TASK DETAILS:
Could the listing below be reproduced exactly, minus its pictures?

PROVIDED DATA:
>>>

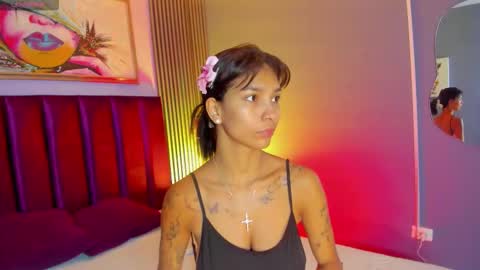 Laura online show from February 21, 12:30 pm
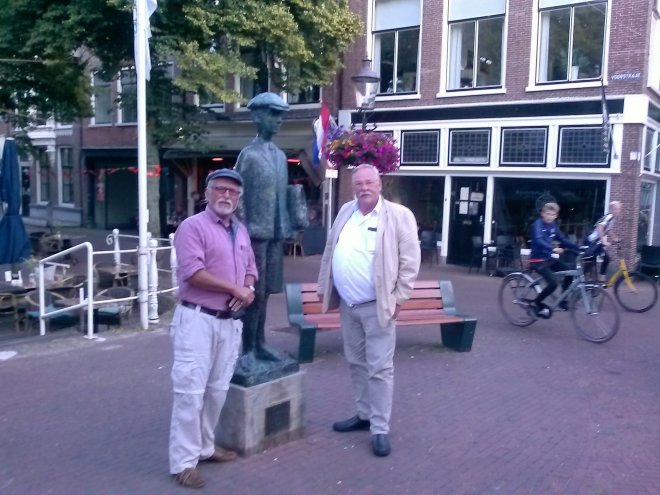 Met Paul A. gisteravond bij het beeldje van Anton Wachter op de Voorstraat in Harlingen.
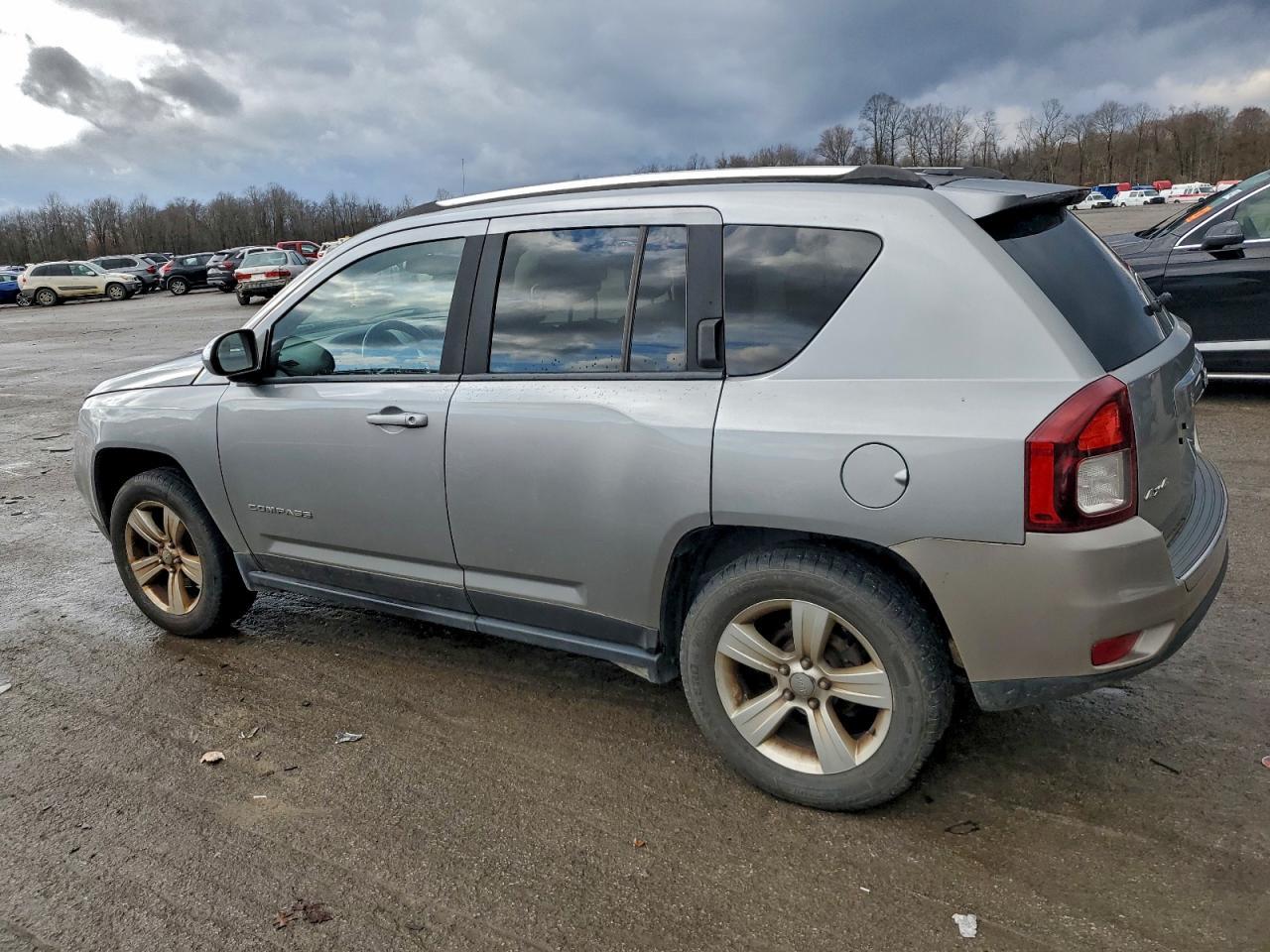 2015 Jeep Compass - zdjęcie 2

<<<

WORKED SOLUTION:
 Laura online show from February 21, 12:30 pm
 Met Paul A. gisteravond bij het beeldje van Anton Wachter op de Voorstraat in Harlingen.
 2015 Jeep Compass - zdjęcie 2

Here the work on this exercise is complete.